12 thoughts on “Data Lake and the Cloud: Pros and Cons of Putting Big Data Analytics in the Public Cloud

  1. excellent summary of the terminology, challenges, broad use case scenarios, security implications and compliance issues relating to Cloud and Big Data.

    it would be great to see a follow up on data and private or hybrid cloud which can aleviate the data silo concerns, ensure regulatory compliance whilst providing the opportunities presented by big data analytics.

    Dell EMC have multiple reference architectures that enable deployment of any scale private or hybrid cloud with all the necessary software layers that optimise your ability to test, deploy and analyse data swiftly and applications to transform that data analysis into real tangible business value.

    • Thanks David, and good suggestion. I’ll put this on my To Do list (and bring in someone with a lot more cloud experience to help!!).

      Yes, Dell EMC certainly is focused on helping our clients deal with these challenging cloud questions. What I learned from writing this blog was that there are a lot more difficult questions that need to be addressed than I thought.

      Live and learn!

  2. Nice article – Thanks Bill for writing this. In my opinion, there are 2 main issues to be resolved:
    1. Privacy and Security of the Data – Evaluating this will determine IF the data lake “should” be moved onto a different cloud…; and, WHAT part of the data needs to be moved – be to a PR, PU or HR cloud..; most likely the former. However, now a days with HDFS based Data-Centers typically being equated to a company’s PR cloud – I essentially don’t see a need for data to be moved between DC and PR clouds.
    2. HOW to move – This is where Snowball (or even large SDD based HDDs) or P2P software like Binfer, eMule etc can help. However, beware of malware threats with P2P transfer.

    • Padmakumar, thanks for the additional information. Great when others can share their experiences, especially given the many difficult questions that need to be considered with respect to the cloud. I am certainly not very experienced with the cloud, so this sort of information greatly helps. Thanks!

  3. On the cloud question – there are two ways to do this. Either take data to processing or take processing to the data. For instance if data is stored in AWS, why not run data science programs on AWS itself. AWS provides a lot of ML/DS products.

    • The public cloud data lake is a great option, if all of your data is already in the public cloud. But many organizations either have massive data sets (like Point of sales data) that are too voluminous to move to the public cloud or highly confidential data (finance data, PII or HIPPA data) that can not be moved to the public cloud without substantial regulatory and compliance risks and associated fines.

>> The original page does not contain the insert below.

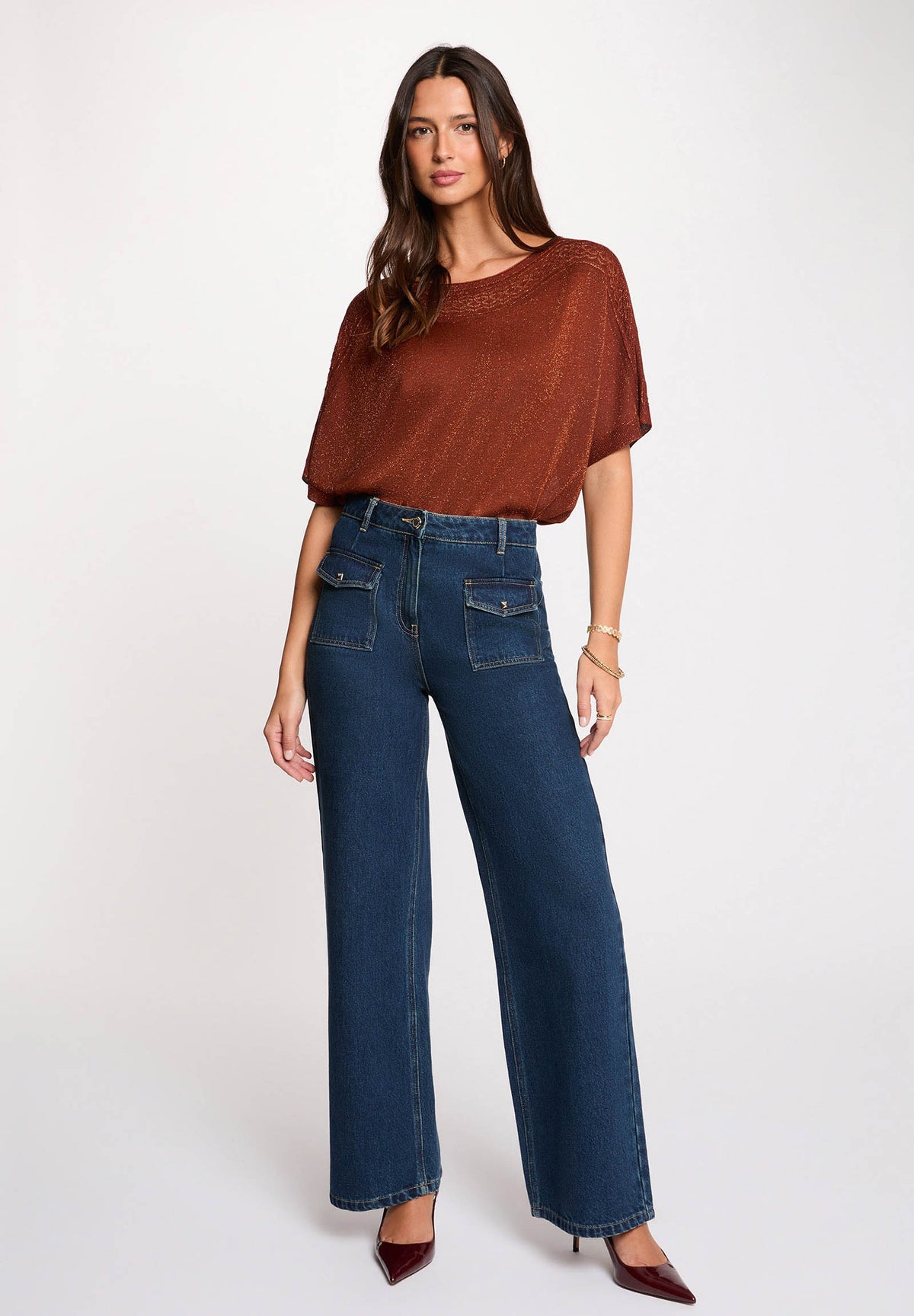 MORGAN DE TOI Women's Sweater COGNAC BROWN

      I think organizations will likely pursue a hybrid cloud strategy where data that is already in the cloud (web clicks, CRM) stays in the cloud and other data sets (like POS, financial and customer loyalty/PII) stays on-prem.

      The challenge comes when the data science team wants to integrate detailed point-of-sales data with customer loyalty card data (both probably on-prem) with CRM data (that may be in the cloud) at the level of the individual consumer. In that case, the data science team may want to bring the CRM data on-prem to accelerate the data transformation, enrichment and analytic modeling processes that are taking place at the individual consumer level (to create consumer propensity scores around next best offer, attrition, advocacy/LTR and fraud).

      If that happens and once that CRM data is on-prem, why also have it in the public cloud?

    • Totally agree, moving large volumes of data is impractical, which is why I suspect that most organizations will keep most of their data in an on-prem cloud and use the public cloud for skunkworks exploration. And grabbing data off of cloud-based systems like Workday and SFDC is something that smart organizations are only going to want to do once.

      All this points to the importance of having a clearly-articulated cloud strategy with cloud governance policies, so that organizations can get the maximum value with appropriate security from a hybrid cloud strategy.